P‐d Orbital Hybridization in Ag‐based Electrocatalysts for Enhanced Nitrate‐to‐Ammonia Conversion

Abstract

Considering the substantial role of ammonia, developing highly efficient electrocatalysts for nitrate‐to‐ammonia conversion has attracted increasing interest. Herein, we proposed a feasible strategy of p‐d orbital hybridization via doping p‐block metals in an Ag host, which drastically promotes the performance of nitrate adsorption and disassociation. Typically, a Sn‐doped Ag catalyst (SnAg) delivers a maximum Faradaic efficiency (FE) of 95.5 ± 1.85 % for NH3 at ‐0.4 V vs.

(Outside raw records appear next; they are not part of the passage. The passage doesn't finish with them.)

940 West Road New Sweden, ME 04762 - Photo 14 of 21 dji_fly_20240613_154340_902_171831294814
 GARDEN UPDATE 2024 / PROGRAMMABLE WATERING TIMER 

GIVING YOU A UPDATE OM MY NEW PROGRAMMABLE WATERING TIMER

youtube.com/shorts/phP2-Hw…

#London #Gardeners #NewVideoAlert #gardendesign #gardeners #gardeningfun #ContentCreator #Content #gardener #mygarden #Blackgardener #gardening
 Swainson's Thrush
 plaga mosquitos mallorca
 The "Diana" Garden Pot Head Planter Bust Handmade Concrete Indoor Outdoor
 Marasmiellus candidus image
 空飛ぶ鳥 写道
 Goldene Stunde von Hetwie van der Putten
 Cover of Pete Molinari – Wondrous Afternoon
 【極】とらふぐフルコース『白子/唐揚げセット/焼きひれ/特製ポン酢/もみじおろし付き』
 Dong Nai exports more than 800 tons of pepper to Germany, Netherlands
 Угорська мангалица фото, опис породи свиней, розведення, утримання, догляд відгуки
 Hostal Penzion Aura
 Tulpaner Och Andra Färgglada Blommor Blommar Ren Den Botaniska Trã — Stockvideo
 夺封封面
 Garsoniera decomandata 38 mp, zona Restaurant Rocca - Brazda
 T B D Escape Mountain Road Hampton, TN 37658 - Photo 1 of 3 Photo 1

RHE and reaches the highest NH3 yield rate to 482.3 ± 14.1 mg h‐1 mgcat.‐1. In a flow cell, the SnAg catalyst achieves a FE of 90.2 % at an ampere‐level current density of 1.1 A cm‐2 with an NH3 yield of 78.6 mg h‐1 cm‐2, during which NH3 can be further extracted to prepare struvite as high‐quality fertilizer. A mechanistic study reveals that a strong p‐d orbital hybridization effect in SnAg is beneficial for nitrite deoxygenation, a rate‐determining step for NH3 synthesis, which as a general principle, can be further extended to Bi‐ and In‐doped Ag catalysts. Moreover, when integrated into a Zn‐nitrate battery, such a SnAg cathode contributes to a superior energy density of 639 Wh L‐1, high power density of 18.1 mW cm‐2, and continuous NH3 production.